Sebanyak 38 negara pesisir dan kepulauan di Afrika sangat bergantung pada industri maritim—dari energi hingga perikanan—untuk pembangunan. Namun banyak batas laut mereka masih mengikuti garis demarkasi masa kolonial, yang kini menentukan akses terhadap sumber daya dan keamanan.
Sebagian besar perbatasan Afrika saat ini merupakan “produk langsung” dari proyek kolonialisme Barat di seluruh benua, ujar Dahir, direktur pelaksana Taloford Consulting.
“Perbatasan ini dipaksakan tanpa persetujuan, partisipasi, atau keterlibatan masyarakat Afrika. Mereka sering kali membagi komunitas tanpa mempertimbangkan tatanan sosial prajajah atau pembangunan jangka panjang,” jelasnya.
Contohnya banyak.
Suku Maasai dipisahkan antara Kenya dan Tanzania. Masyarakat Somalia terbagi antara Ethiopia, Kenya, dan Somalia.
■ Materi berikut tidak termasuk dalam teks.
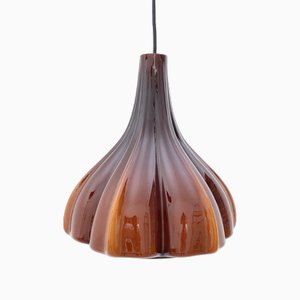 Lámpara colgante de vidrio marrón de Peill & Putzler, Alemania, años 70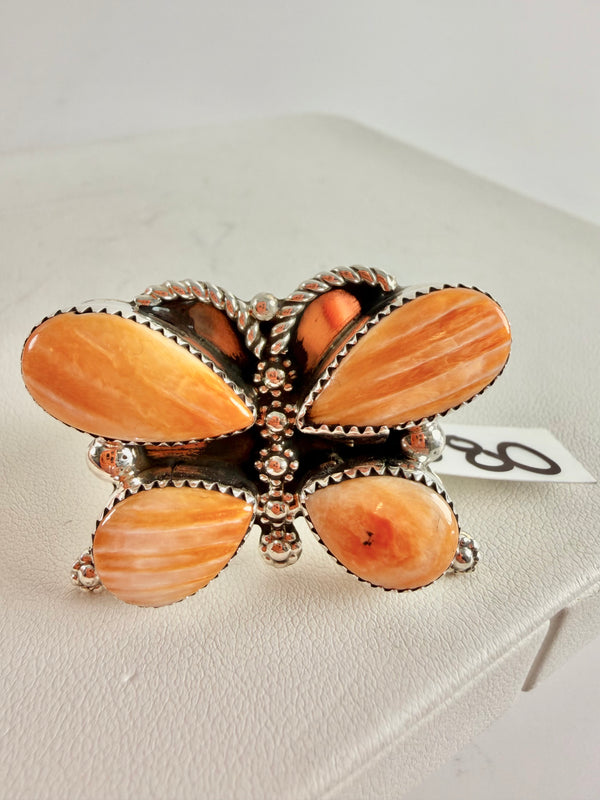 NATIVE HANDMADE ORANGE SPINY OYSTER STATEMENT BUTTERFLY RING SIZE 9 BY DARLENE BEGAY (RN 1)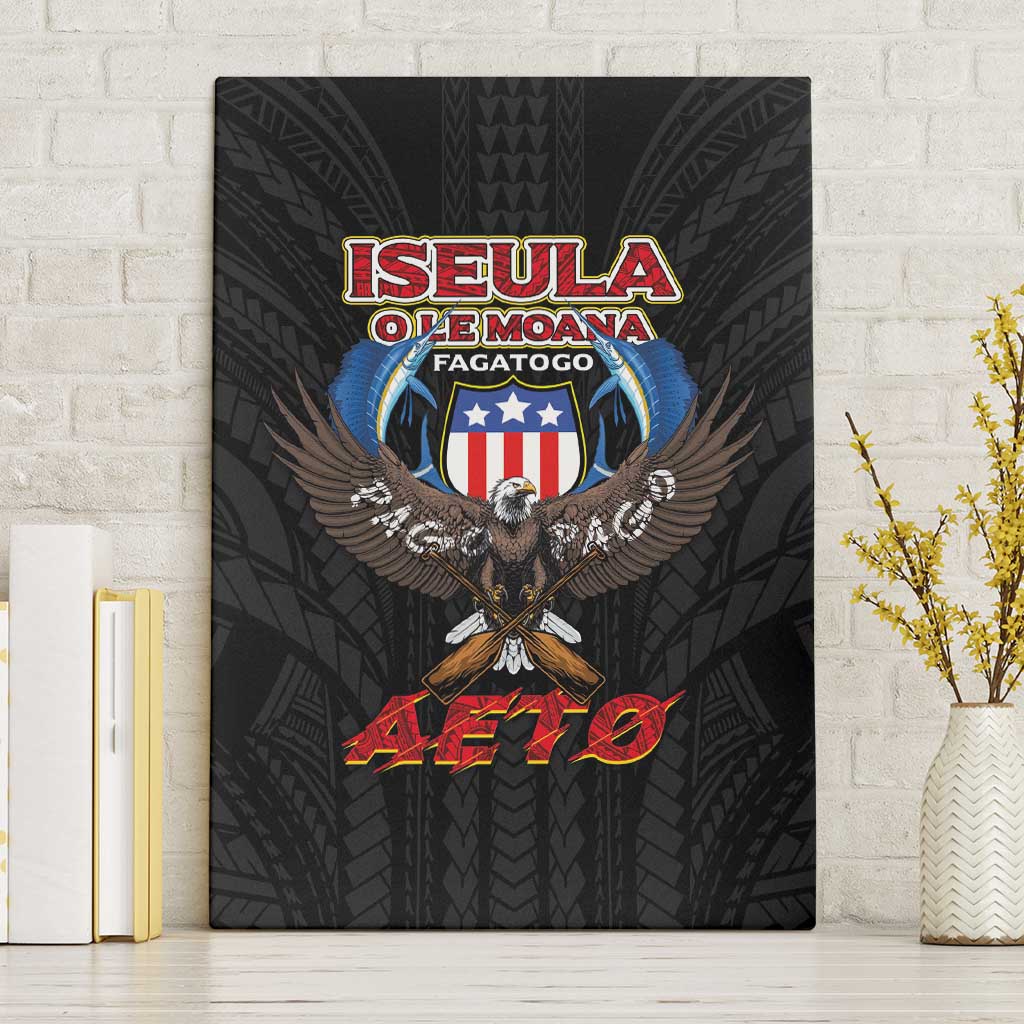 American Samoa Fautasi Canvas Wall Art Pago Pago Aeto and Iseula o le Moana of Fagatogo Black Color - Polynesian Pride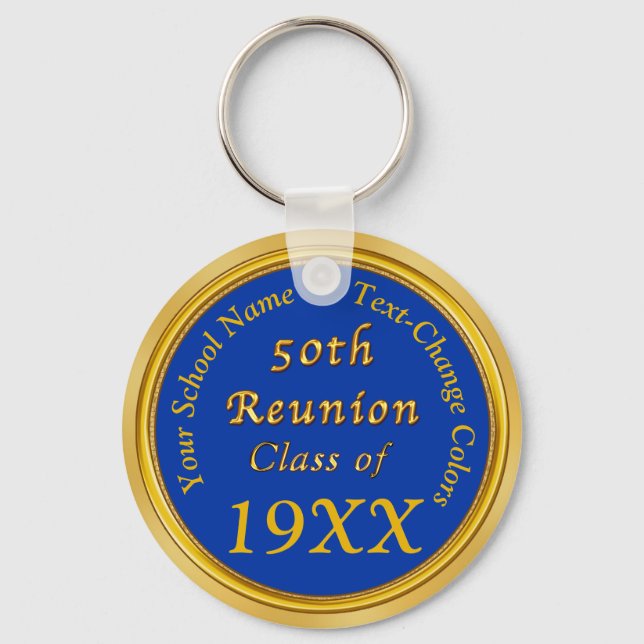 Blue and Gold 50th Class Reunion Party Favors Keychain (Front)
Sementara itu, kelompok etnis yang saling bersaing justru dipaksa tinggal dalam negara kolonial—dan kemudian negara merdeka—yang sama, menurut Dahir.
Keputusan ini memicu krisis identitas.
“Banyak negara modern di Afrika, termasuk Nigeria, Republik Demokratik Kongo, dan Sudan, merupakan gabungan dari kelompok-kelompok berbeda yang tidak pernah memiliki identitas politik bersama sebelumnya, sehingga memicu ketegangan internal yang terus berlangsung.”
Sementara penduduk asli menanggung akibatnya, kekuatan kolonial justru memperkaya diri. “Mereka membagi-bagi Afrika demi kepentingan ekonomi, ekstraksi sumber daya, efisiensi administratif, dan persaingan geopolitik mereka sendiri—tanpa memikirkan kesejahteraan komunitas lokal,” kata Dahir.
Kini di era pascakolonial, perpecahan itu masih terus menimbulkan ketegangan. Afrika tetap menjadi wilayah dengan jumlah konflik perbatasan yang tidak proporsional—banyak di antaranya langsung berkaitan dengan demarkasi masa kolonial.
Lahan subur bagi konflik dan separatisme
Desain perbatasan yang sewenang-wenang oleh Barat tak hanya melahirkan konflik, tetapi juga mendorong separatisme dan ekstremisme di negara-negara bekas jajahan.
Dampak batas kolonial sangat nyata dalam sejarah perang dan perang saudara di Afrika selama beberapa dekade terakhir.
Dahir menyoroti perang Ethiopia–Somalia tahun 1977 yang berakar dari keputusan kolonial Inggris dan Italia yang menyerahkan wilayah Ogaden—yang mayoritas dihuni orang Somalia—kepada Ethiopia. Konflik Eritrea–Ethiopia tahun 1998–2000 juga dipicu oleh sengketa perbatasan kolonial antara bekas koloni Italia dan wilayah kekaisaran Ethiopia.
“Konflik-konflik ini mencerminkan pandangan bahwa perbatasan kolonial secara tidak adil memisahkan kelompok etnis atau mengabaikan entitas politik yang sudah ada. Banyak perbatasan juga melintasi wilayah kaya sumber daya seperti minyak di Sudan dan Sudan Selatan atau mineral di Kongo, yang semakin memicu perselisihan,” kata Dahir.
Garis-garis kolonial juga menjadi pemicu semangat bagi gerakan separatis.
“Wilayah seperti Ambazonia (Kamerun Selatan), Sahara Barat, dan Somaliland (di Somalia) menuntut kemerdekaan dengan alasan bahwa mereka pernah diperintah oleh kekuatan kolonial berbeda dan karenanya berhak mendirikan negara berdaulat berdasarkan batas sejarah tersebut,” jelas Dahir.